Je suis antisioniste parce que les sionistes n’ont d’appétit ni pour la démocratie ni pour la justice, ils ont de l’appétit pour un système qu’ils peuvent jouer. La fin justifie tous les moyens. La fin, c’est Israël. Le moyen, c’est tout ce qui est légal. Je ne trouve chez eux ni esprit démocratique, ni respect pour l’esprit des lois, ni sensibilité aux aspirations des gens. Juste une volonté de gagner. Or, sans son esprit, l’institution démocratique n’est qu’une coquille vide à la merci de ceux qui en étudient les ressorts, qui en maîtrisent les lois, qui savent cuisiner ses élections.
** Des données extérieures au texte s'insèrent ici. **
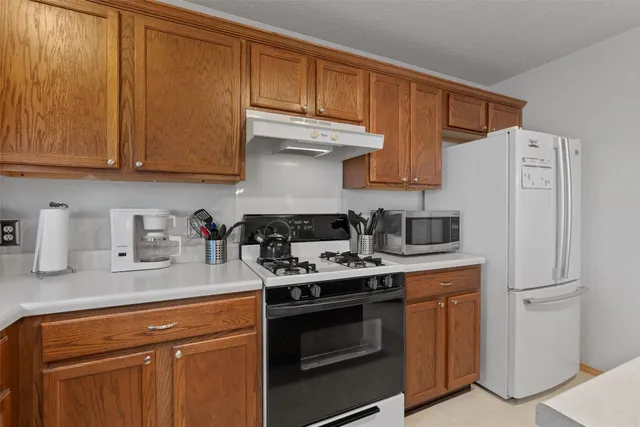 a kitchen with stainless steel appliances granite countertop a refrigerator stove and sink with cabinets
Je suis antisioniste parce que les sionistes cultivent chez nous un patriotisme de surface, la marque France. Ils flattent l’égo des français en exaltant leur savoir-faire, exportent leur folkore, brandissent « l’ art de vivre » comme moyen de propagande contre les « obscurantismes ». Leur propagande du fromage promeut une image de nous-mêmes vide et dangereuse et en même temps étouffe ce qui a permis à cet art de vivre de se développer : la liberté et l’égalité. Dans cent ans, on ira voir des chefs français cuisiner de mauvais ris de veau à l’exposition universelle de Tel-Aviv.
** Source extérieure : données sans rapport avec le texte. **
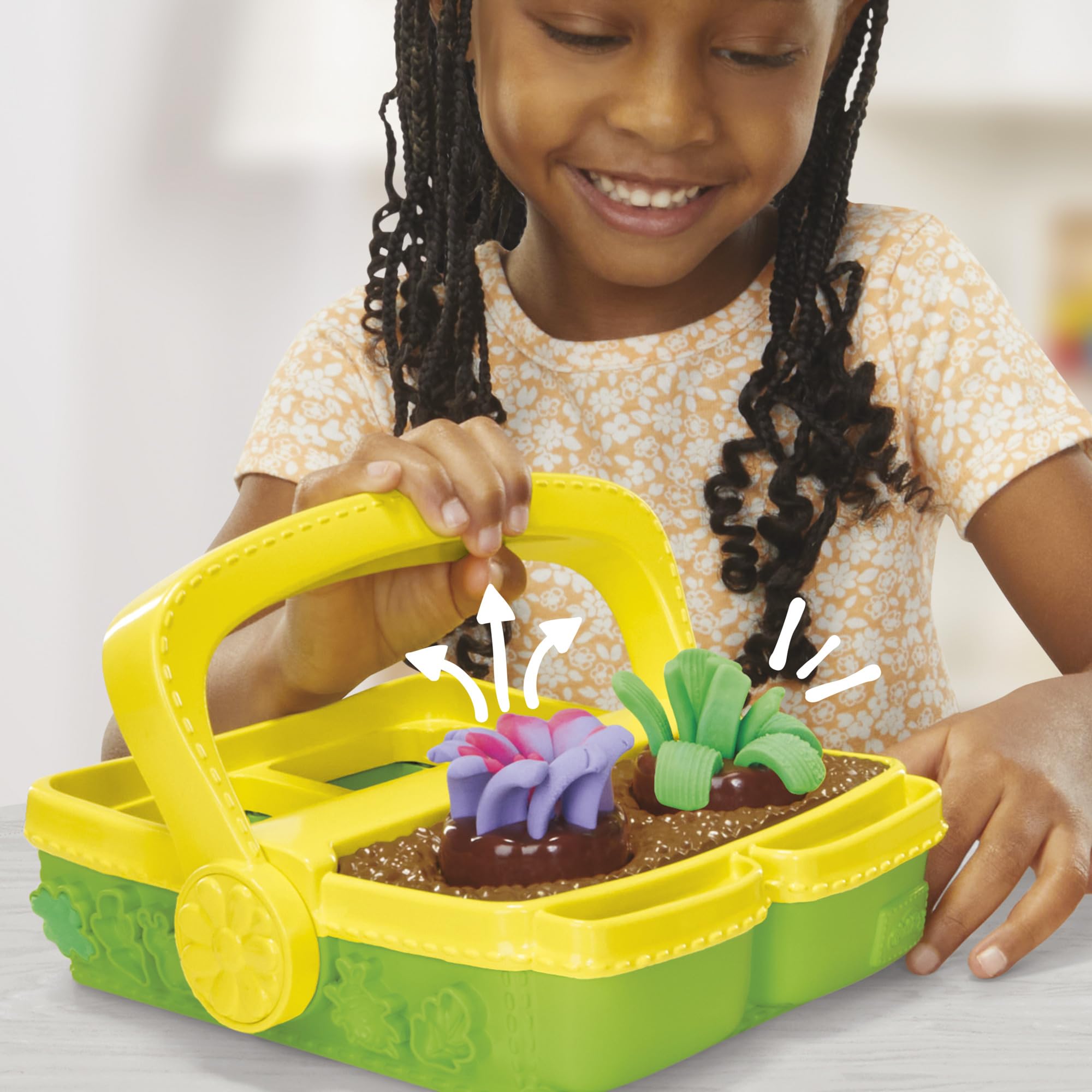 Five Play‑Doh cans displayed showing dual‑color options for vibrant flowers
Qui soutient Israël dans mon Etat, dans mon parlement, dans mes médias ? Je ne le sais pas. Qui est israélien ? Je ne le sais pas. Tout est dissimulé. Alors je laisse libre cours à mon intuition. Si je sens du Juif qui ne se dit pas Juif, je me méfie et je jette. Dreyfus, Drahi, Olivennes, Dassault, Glucksmann, Borne, Dreyfus, Braun, Bolloré, Attal, Veil, Erner, Cohen, Niel peut-être. Quand je ne suis pas sûr, ils sont Juifs. Je ne vote pas pour eux et je ne crois pas un mot de ce qu’ils disent. Quand leurs journaux et leurs partis, d’une seule voix, désignent un ennemi, je me dis qu’il faut l’apprécier. Dans le brouillard de la République universelle, aveugle et prompte à dissimuler, le Juif est devenu ma seule boussole. Je prends la direction opposée.
Je me réconcilierai sans doute demain avec les Juifs. Comme on s’est réconcilié avec les Allemands après qu’on a démantelé leur Etat, redessiné leurs frontières et qu’on les a soignés de leurs mythes. D’ici-là, j’oppose tous les Juifs. Le Juif de cour, le Juif décolonial, le Juif sioniste, le Juif intellectuel, le Juif capitaliste et le Juif socialiste. Je les oppose en bloc, à l’exception peut-être des Juifs orthodoxes et des sionistes clairs qui crient haut et fort leur amour inconditionnel pour le sanguinaire Israël. Ceux-là, en effet, je peux les opposer pour ce qu’ils disent plutôt que pour qui ils sont. Les autres, je pars du principe qu’ils mentent ou qu’ils dissimulent leurs intentions. Je ne distingue plus. La nuance a trop longtemps été la complice du crime. Voilà mon ultime acte de résistance face à une diaspora incapable de voir le monstre qui grandit en elle.